Task description: In the entries below, find the line with "Alt view image" and the line with "Image 2 of APRILSKIN"; copy them and every line between them exactly, but not the pictures.

Provided data:

Segment Open

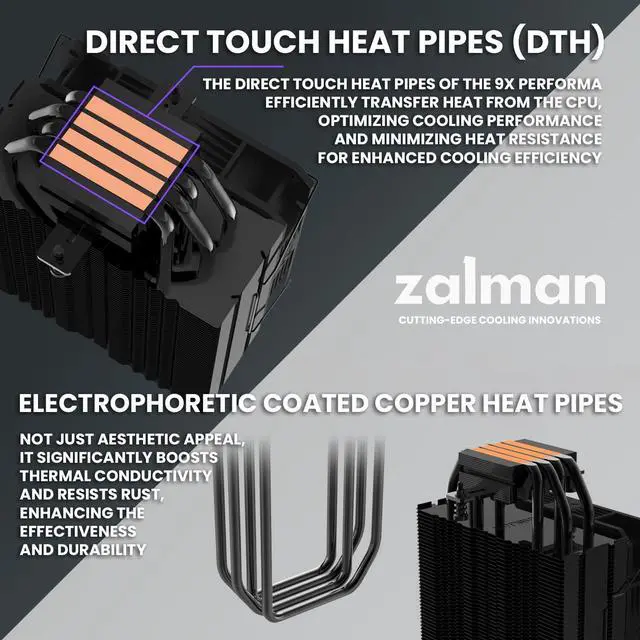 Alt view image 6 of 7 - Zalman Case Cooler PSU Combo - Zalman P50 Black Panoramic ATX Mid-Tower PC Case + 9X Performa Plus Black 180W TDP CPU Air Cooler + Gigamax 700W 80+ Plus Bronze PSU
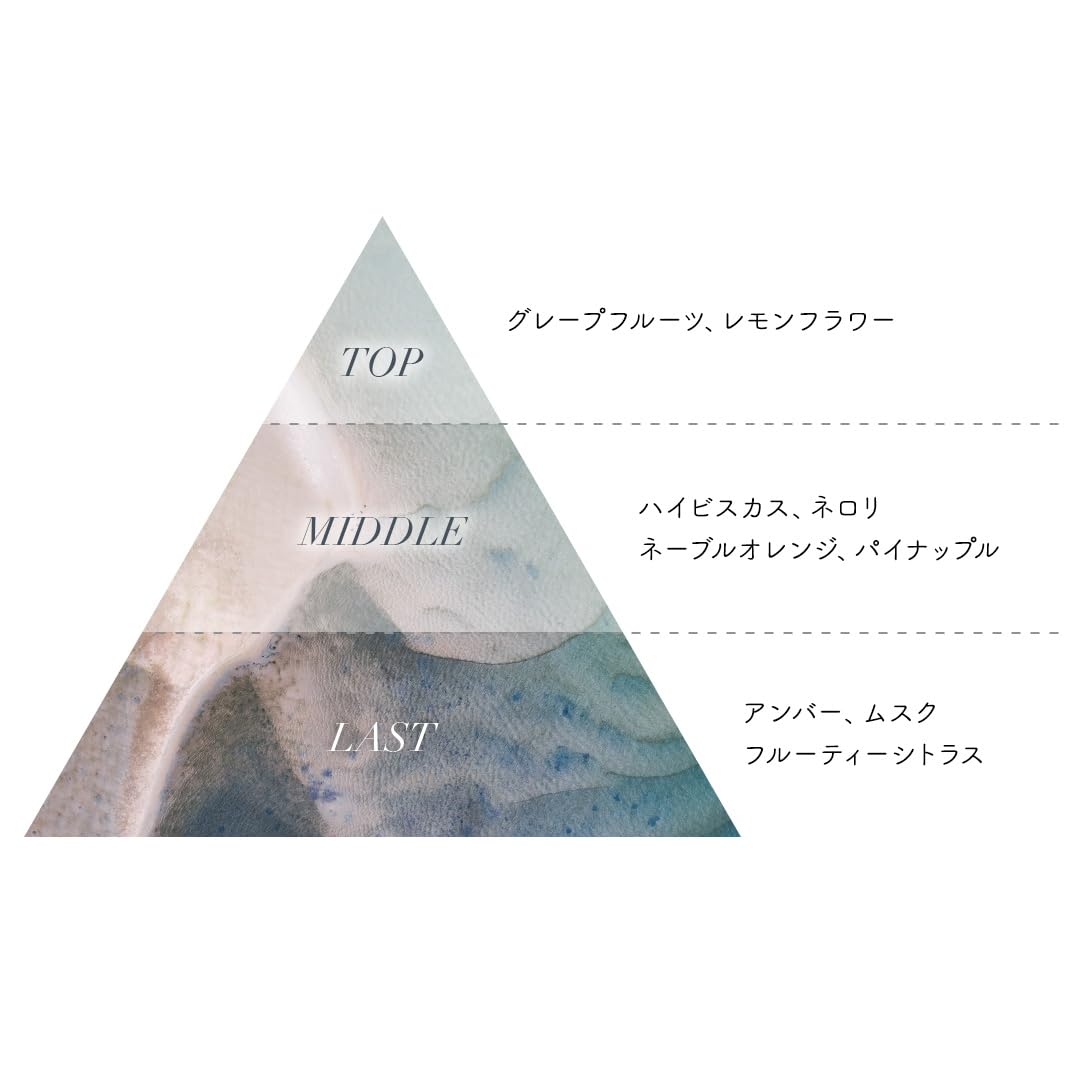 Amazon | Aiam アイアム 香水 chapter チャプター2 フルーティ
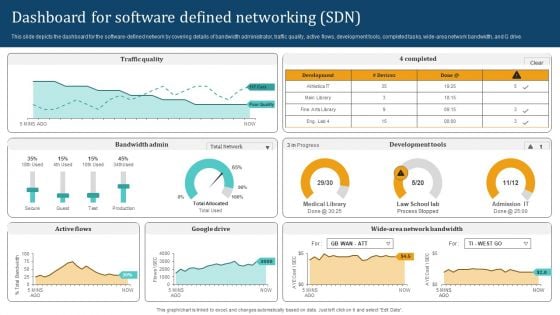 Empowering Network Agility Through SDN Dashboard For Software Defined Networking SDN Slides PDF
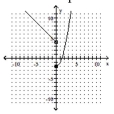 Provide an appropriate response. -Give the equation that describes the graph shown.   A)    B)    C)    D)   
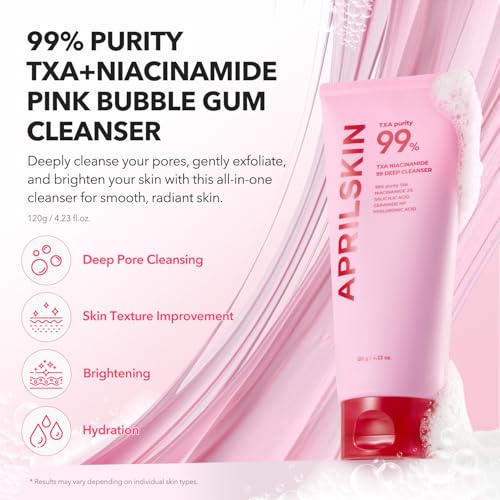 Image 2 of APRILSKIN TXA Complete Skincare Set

Segment Closed
Segment Open

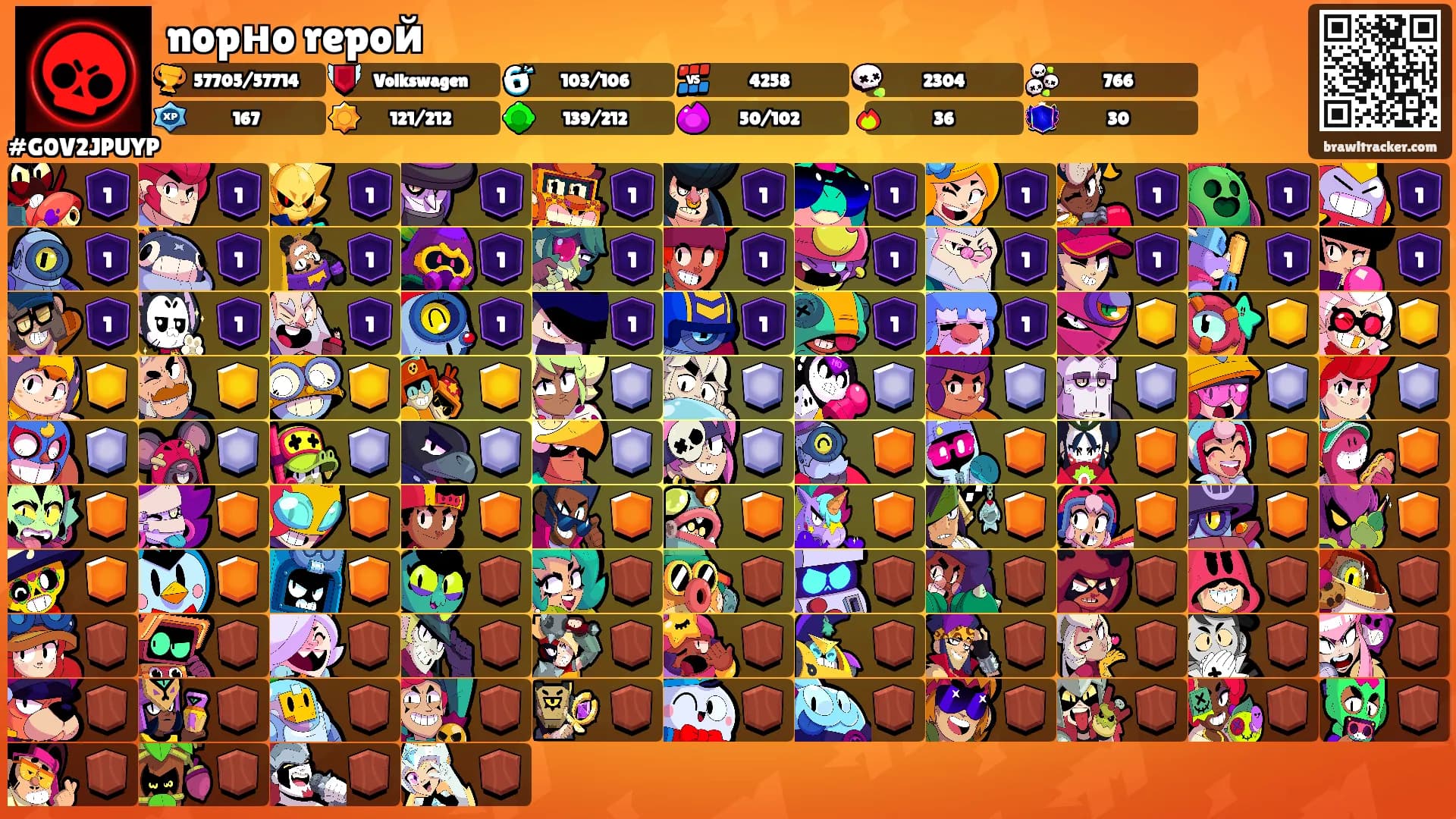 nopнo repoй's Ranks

Segment Closed
Segment Open

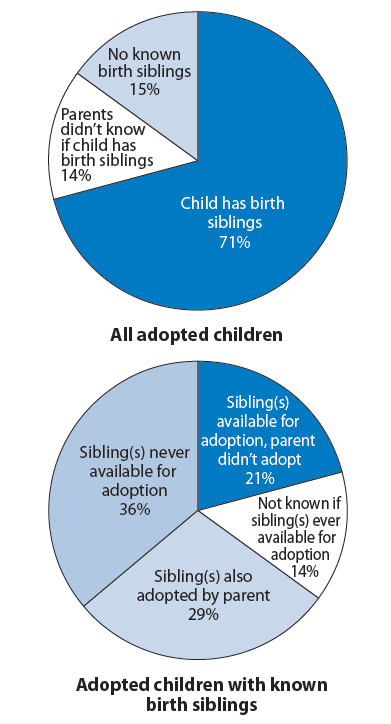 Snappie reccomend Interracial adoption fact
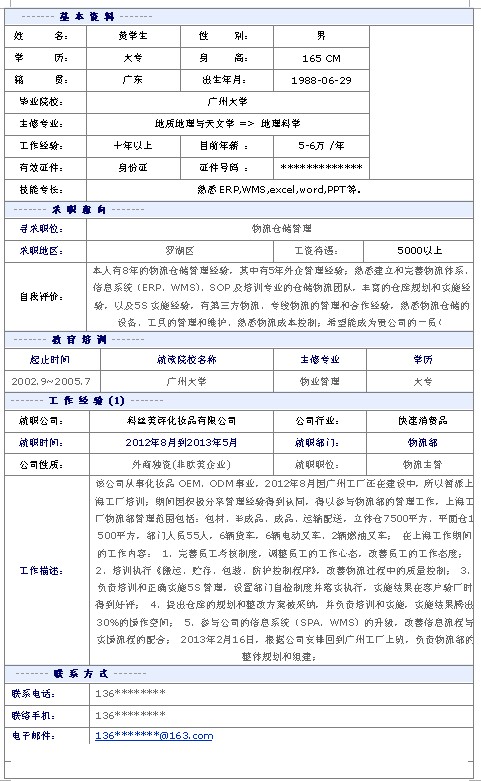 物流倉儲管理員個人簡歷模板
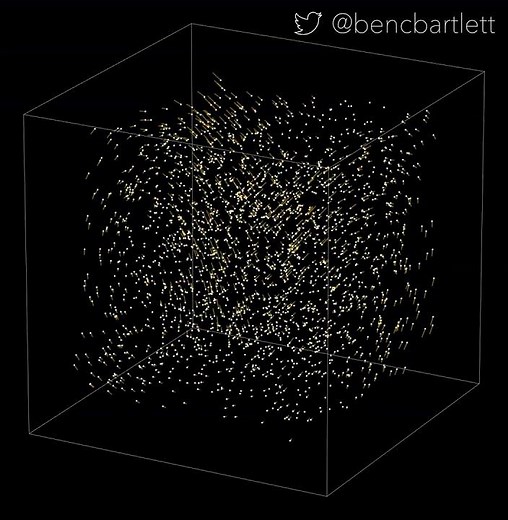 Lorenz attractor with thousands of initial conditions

Segment Closed

Expected output:
 Alt view image 6 of 7 - Zalman Case Cooler PSU Combo - Zalman P50 Black Panoramic ATX Mid-Tower PC Case + 9X Performa Plus Black 180W TDP CPU Air Cooler + Gigamax 700W 80+ Plus Bronze PSU
 Amazon | Aiam アイアム 香水 chapter チャプター2 フルーティ
 Empowering Network Agility Through SDN Dashboard For Software Defined Networking SDN Slides PDF
 Provide an appropriate response. -Give the equation that describes the graph shown.   A)    B)    C)    D)   
 Image 2 of APRILSKIN TXA Complete Skincare Set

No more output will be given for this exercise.